More precisely, that was the marginal rate on income over $1 million/year. That would be about $5-6 million in today's dollars. Given much lower CEO compensation at the time, very few people encountered it. (And given those taxes, CEOs had less incentive to increase their salaries.)

The tax code was loaded up with deductions

Deductions have a tendency to accumulate over time. There were a bunch of deductions, but fewer than today.
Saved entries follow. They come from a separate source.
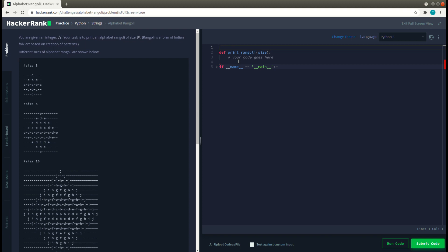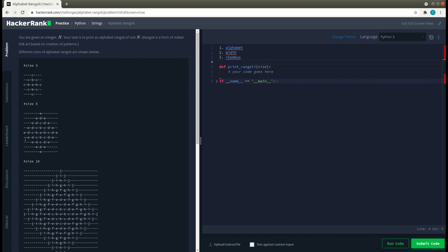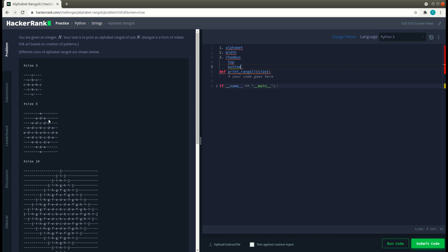If we look at the solution as a whole it may seem daunting, but if we break it down into smaller chunks the solution is pretty easy to arrive at. The first step is to store the alphabets in a variable so we can fetch and use them to form the string. The second step is to find the width of the pattern. The third step is to arrive at the rhombus structure, which we can divide into a top part and a bottom part. The top part can be further divided into a left triangle and a right triangle.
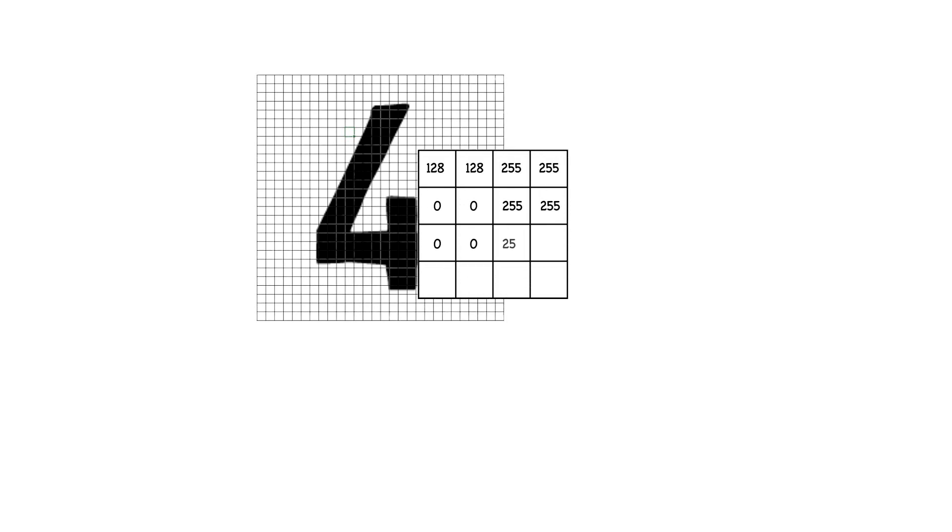If we take a grayscale image of the number four, we can divide the image up into pixels and assign a value that corresponds to the brightness of each pixel.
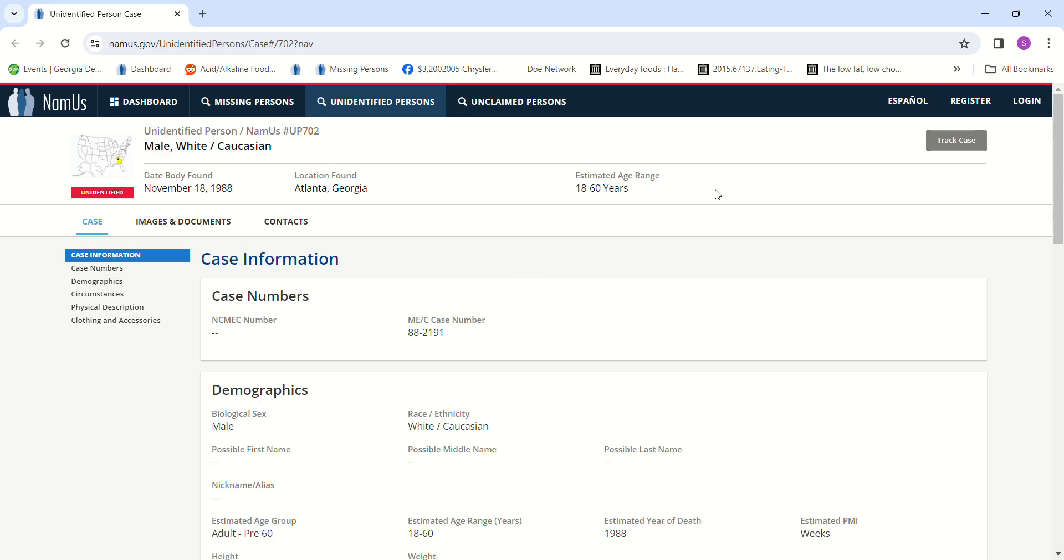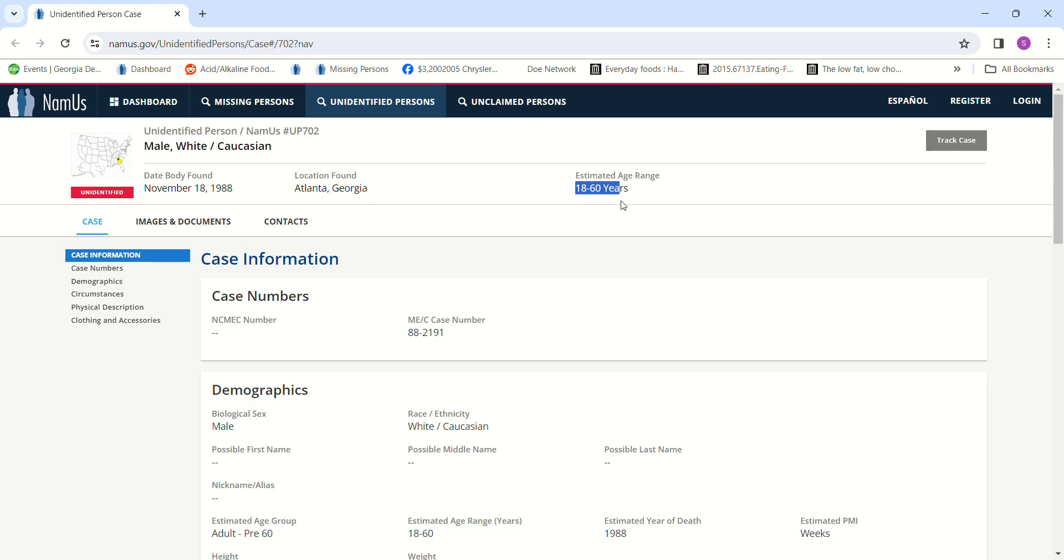Hello, welcome to my channel. So we have a John Doe found November 18th, 1988 in Atlanta, Georgia, Fulton County. Estimated PMI says just weeks, but his estimated age range could be anywhere from 18 to 60, which makes me wonder if he could be 16 or 65. Such a wide range in the years for his age.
only direct compensation was taxed, and you could still easily convert wages into capital gains

Theoretically true, but historically stock options were a much smaller portion of executive compensation than is the case today. See http://faculty.chicagobooth.edu/workshops/AppliedEcon/archiv... for a reference. (Incidentally their estimate is that only about 30% of the raise in CEO compensation is due to shifts in taxation policy.)

which even in that time were significantly lower than wage rates.

Massively so. If your ordinary taxes were over 50%, you could opt a 25% capital gains rate.




> More precisely, that was the marginal rate on income over $1 million/year

There has not been a bracket that high since 1941. http://www.hkmscpa.com/hist%20tax%20rates.htm#5

> (And given those taxes, CEOs had less incentive to increase their salaries.)

Of course. So they just gave themselves company cars and executive washrooms and million dollar desks.

> Deductions have a tendency to accumulate over time. There were a bunch of deductions, but fewer than today.

We got rid of a bunch in the early 80's. As a simple example, all interest (not just interest on primary housing) was deductible before then.

> but historically stock options were a much smaller portion of executive compensation than is the case today

I wasn't suggesting stock options. You don't have to rely on stock options to convert your salary into capital gains. If you were a doctor or a lawyer pulling down a lot of money, you just formed a company and left the money you weren't consuming immediately in the company's bank account.